Memory Hierarchy Optimizations
Programs that access large data structures often perform poorly on high-performance computers because the processor spends all its time waiting for memory access requests to be completed. Many of these programs benefit from being restructured to improve locality of reference. It is tedious to do this restructuring by hand, so it is desirable to have restructuring compiler technology that can accomplish this task.
Our group is a world-leader in this area.
Our early work focused on restructuring perfectly-nested loops, which are loop nests in which all assignment statements occur in the innermost loop of the loop nest. BLAS kernels such as matrix-vector product and matrix-matrix product are examples of such loops. Wei Li showed how non-singular matrices can be used to synthesize sequences of transformations for enhancing locality and parallelism in perfectly-nested loops.

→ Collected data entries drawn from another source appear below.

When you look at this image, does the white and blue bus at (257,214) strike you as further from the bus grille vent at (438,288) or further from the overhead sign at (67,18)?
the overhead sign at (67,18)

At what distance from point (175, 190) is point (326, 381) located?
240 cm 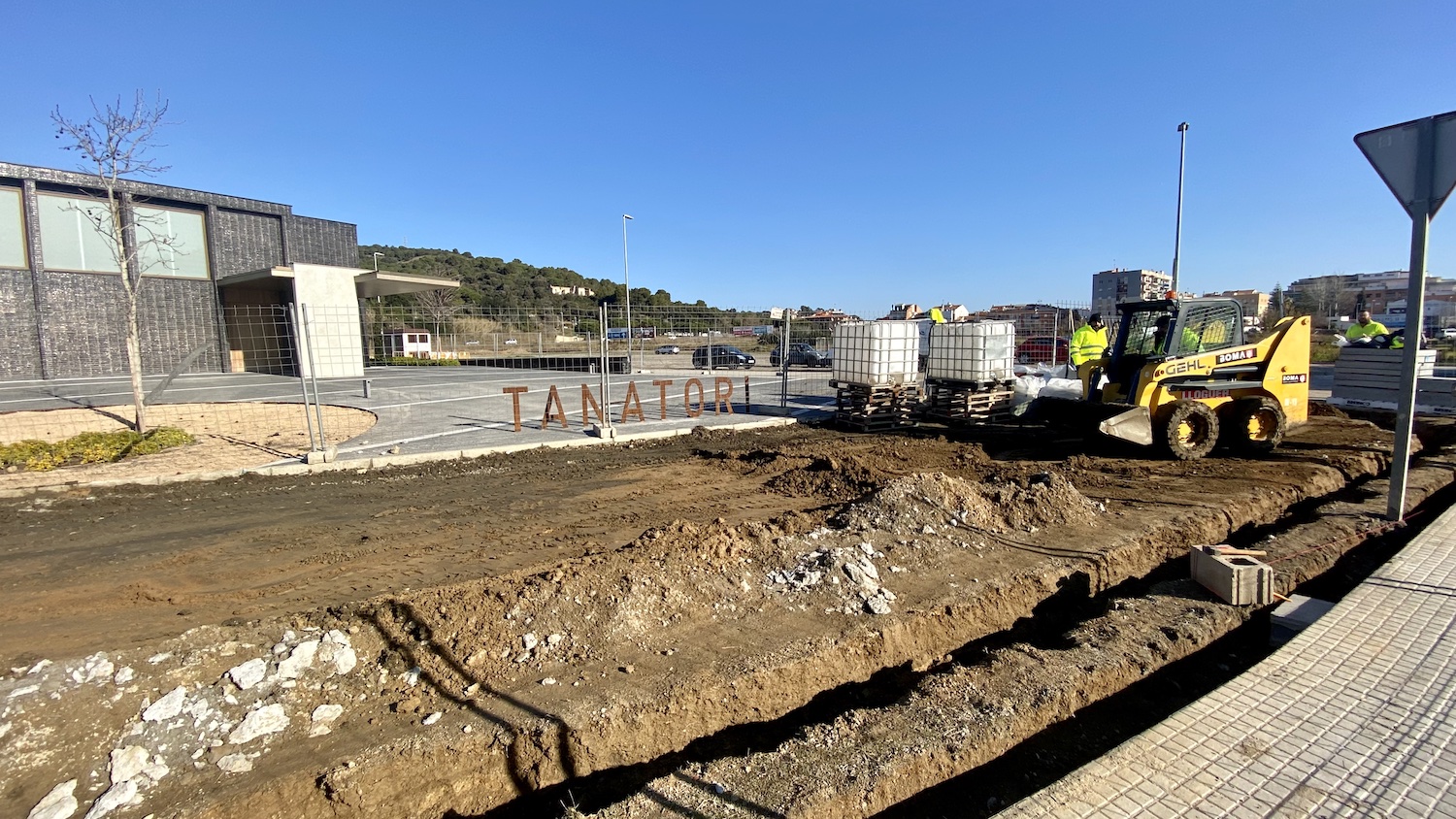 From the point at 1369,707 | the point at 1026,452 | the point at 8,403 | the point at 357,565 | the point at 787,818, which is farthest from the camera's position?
the point at 8,403

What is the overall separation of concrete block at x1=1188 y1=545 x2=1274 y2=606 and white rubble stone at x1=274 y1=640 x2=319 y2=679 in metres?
5.97

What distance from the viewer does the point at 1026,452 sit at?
35.2 feet

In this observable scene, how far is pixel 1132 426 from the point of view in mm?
9039

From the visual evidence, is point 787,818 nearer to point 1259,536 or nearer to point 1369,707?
point 1369,707

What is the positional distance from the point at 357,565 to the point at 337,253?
1105 inches

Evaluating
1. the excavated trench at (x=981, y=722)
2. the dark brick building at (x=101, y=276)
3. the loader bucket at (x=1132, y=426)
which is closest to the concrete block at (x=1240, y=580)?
the excavated trench at (x=981, y=722)

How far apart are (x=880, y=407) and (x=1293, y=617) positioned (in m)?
8.93

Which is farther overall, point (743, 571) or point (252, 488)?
point (252, 488)

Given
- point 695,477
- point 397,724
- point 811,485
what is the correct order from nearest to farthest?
point 397,724 → point 811,485 → point 695,477

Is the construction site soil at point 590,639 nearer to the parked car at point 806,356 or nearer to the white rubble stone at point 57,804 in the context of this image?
the white rubble stone at point 57,804

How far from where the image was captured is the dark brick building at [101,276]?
67.0ft

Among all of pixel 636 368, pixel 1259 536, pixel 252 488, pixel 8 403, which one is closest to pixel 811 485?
pixel 1259 536

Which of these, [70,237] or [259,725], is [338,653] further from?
[70,237]

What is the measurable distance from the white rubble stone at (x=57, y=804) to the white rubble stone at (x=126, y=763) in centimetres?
14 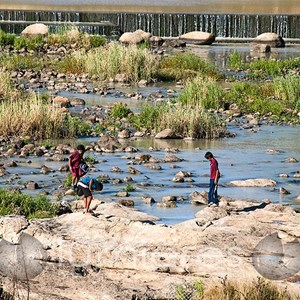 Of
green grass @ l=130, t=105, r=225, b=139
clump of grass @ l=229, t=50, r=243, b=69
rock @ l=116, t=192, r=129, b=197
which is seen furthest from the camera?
clump of grass @ l=229, t=50, r=243, b=69

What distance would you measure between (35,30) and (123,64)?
14538mm

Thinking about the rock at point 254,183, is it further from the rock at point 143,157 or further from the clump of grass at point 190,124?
the clump of grass at point 190,124

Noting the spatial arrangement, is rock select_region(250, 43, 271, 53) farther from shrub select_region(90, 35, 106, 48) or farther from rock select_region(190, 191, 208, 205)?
rock select_region(190, 191, 208, 205)

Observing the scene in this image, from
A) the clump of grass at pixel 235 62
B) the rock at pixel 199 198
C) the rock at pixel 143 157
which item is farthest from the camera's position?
the clump of grass at pixel 235 62

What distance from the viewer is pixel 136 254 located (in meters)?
12.3

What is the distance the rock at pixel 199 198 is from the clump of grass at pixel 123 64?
17073mm

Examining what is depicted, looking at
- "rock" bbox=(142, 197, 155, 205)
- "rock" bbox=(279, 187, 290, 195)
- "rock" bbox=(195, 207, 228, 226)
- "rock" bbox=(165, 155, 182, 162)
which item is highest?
"rock" bbox=(195, 207, 228, 226)

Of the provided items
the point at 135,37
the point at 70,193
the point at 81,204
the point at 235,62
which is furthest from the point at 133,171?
the point at 135,37

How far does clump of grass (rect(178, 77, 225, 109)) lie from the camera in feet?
93.7

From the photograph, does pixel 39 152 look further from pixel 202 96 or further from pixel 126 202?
pixel 202 96

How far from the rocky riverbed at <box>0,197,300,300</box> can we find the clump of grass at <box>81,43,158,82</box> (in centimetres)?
2160

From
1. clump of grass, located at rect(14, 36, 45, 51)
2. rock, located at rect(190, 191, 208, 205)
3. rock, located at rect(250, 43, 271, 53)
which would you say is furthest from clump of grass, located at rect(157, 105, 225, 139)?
rock, located at rect(250, 43, 271, 53)

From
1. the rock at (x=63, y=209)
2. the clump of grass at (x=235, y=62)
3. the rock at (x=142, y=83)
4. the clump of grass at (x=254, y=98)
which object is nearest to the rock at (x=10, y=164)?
the rock at (x=63, y=209)

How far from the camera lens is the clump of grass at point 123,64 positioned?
115 feet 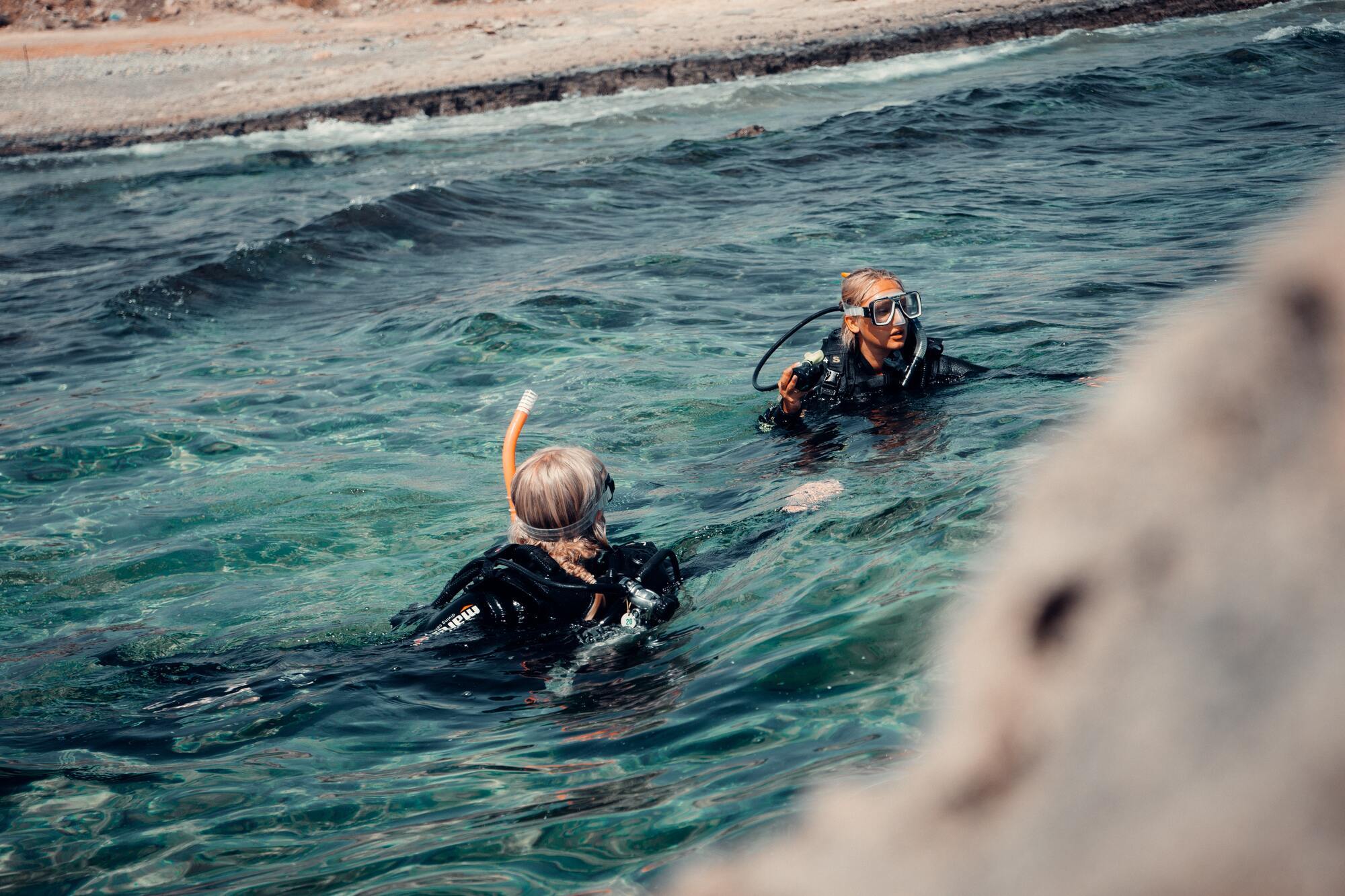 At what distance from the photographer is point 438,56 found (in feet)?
88.4

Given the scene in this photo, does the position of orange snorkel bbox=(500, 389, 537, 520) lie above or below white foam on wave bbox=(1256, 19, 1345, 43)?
below

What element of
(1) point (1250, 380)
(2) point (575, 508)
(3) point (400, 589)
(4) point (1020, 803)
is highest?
(1) point (1250, 380)

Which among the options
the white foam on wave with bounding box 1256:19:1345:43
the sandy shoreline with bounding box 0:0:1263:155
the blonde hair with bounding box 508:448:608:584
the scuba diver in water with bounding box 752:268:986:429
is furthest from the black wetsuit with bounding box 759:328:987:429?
the sandy shoreline with bounding box 0:0:1263:155

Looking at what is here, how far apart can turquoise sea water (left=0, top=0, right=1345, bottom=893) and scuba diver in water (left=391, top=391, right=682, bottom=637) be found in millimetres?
123

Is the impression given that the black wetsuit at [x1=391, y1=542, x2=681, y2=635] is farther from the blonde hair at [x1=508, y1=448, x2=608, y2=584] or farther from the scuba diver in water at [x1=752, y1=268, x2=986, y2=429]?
the scuba diver in water at [x1=752, y1=268, x2=986, y2=429]

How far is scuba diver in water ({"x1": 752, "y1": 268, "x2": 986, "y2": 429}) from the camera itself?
245 inches

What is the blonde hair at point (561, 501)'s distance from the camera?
3.90 metres

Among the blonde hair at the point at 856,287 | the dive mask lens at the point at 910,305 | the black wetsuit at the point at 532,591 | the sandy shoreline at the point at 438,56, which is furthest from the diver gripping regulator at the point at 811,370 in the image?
the sandy shoreline at the point at 438,56

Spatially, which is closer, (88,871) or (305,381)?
Answer: (88,871)

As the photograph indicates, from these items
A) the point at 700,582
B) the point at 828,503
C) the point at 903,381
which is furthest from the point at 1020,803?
the point at 903,381

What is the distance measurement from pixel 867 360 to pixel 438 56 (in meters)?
23.4

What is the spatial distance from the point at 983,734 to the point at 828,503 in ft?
13.8

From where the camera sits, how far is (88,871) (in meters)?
2.88

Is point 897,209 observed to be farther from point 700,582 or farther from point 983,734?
point 983,734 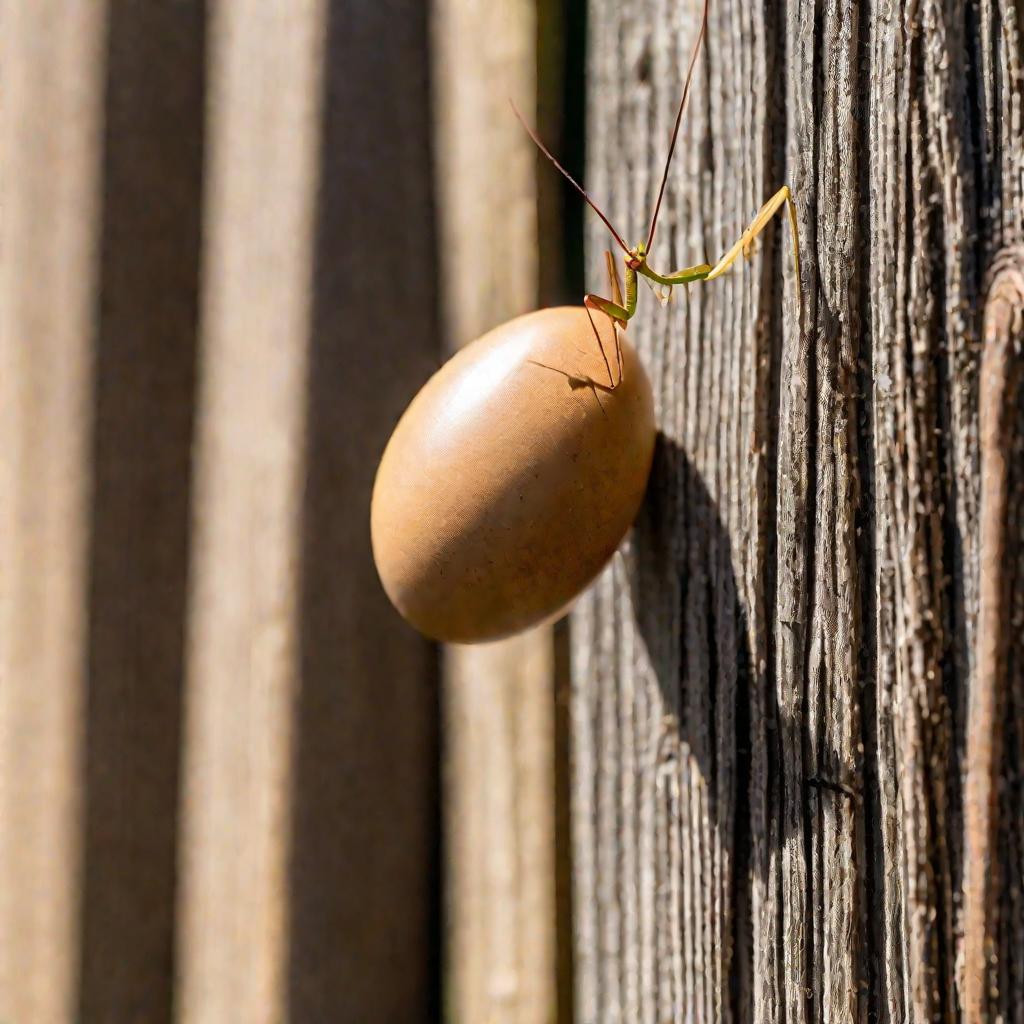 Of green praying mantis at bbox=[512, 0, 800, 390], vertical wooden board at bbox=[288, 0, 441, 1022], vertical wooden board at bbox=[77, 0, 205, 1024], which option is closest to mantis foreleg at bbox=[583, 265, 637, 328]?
green praying mantis at bbox=[512, 0, 800, 390]

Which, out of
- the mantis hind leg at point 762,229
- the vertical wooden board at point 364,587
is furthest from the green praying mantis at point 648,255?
the vertical wooden board at point 364,587

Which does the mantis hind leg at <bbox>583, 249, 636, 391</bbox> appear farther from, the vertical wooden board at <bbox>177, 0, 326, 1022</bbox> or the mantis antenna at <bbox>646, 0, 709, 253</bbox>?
the vertical wooden board at <bbox>177, 0, 326, 1022</bbox>

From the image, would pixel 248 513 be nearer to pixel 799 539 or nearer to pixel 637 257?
pixel 637 257

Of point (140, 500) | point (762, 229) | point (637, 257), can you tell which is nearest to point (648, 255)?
point (637, 257)

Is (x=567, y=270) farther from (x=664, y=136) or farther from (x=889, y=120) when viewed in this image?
(x=889, y=120)

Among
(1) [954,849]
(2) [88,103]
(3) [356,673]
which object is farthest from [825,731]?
(2) [88,103]

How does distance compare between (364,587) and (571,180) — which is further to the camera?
(364,587) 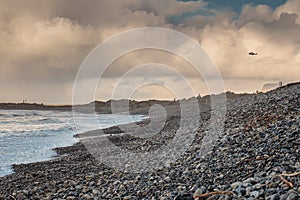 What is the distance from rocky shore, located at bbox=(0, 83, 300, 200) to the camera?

Although perfectly-nested loops have received a lot of attention from the compiler community, matrix-multiplication is about the only important kernel that is perfectly-nested! Most codes such as matrix factorization codes and relaxation codes contain imperfectly-nested loops in which assignment statements are contained in some but not all of the loops of the loop nest. To restructure imperfectly-nested loop nests, we have developed two approaches.
The first approach is data-shackling - roughly speaking, the compiler detemines an order in which data will be brought into the cache from main memory at run-time, and then restructures code so that all statements that touch a given piece of data are scheduled close together in the program. Data-shackling is not restricted to dense arrays - for example, Sally McKee et al recently showed that data-shackling can be used to enhance locality in programs with pointer-based data structures.
The second approach embeds execution instances of statements in an imperfectly-nested loop into a large Cartesian space - intuitively, this space models a perfectly-nested loop which can then be transformed appropriately and then tiled. The code generation phase produces imperfectly-nested loops.
Neither data-shackling nor the Cartesian space approach subsume each other in practice. The Cartesian space approach is difficult to apply to semi-regular codes like LU with pivoting and irregular codes like pointer-based codes for which data-shackling does well. For other codes such as relaxation codes, data-shackling is difficult to apply because it is difficult to synthesize the optimal order of data traversal, whereas the Cartesian space approach works well as Nawaaz Ahmed showed in his thesis. The state of the art of locality enhancement for imperfectly-nested loops is less than satisfactory.
An intriguing feature of divide-and-conquer algorithms is that they should run well on machines with multiple levels of memory hierarchy without the need for blocking since each successive divide step generates subproblems that touch smaller amounts of data. We have shown how divide-and-conquer style codes can be generated from iterative versions of the same algorithm.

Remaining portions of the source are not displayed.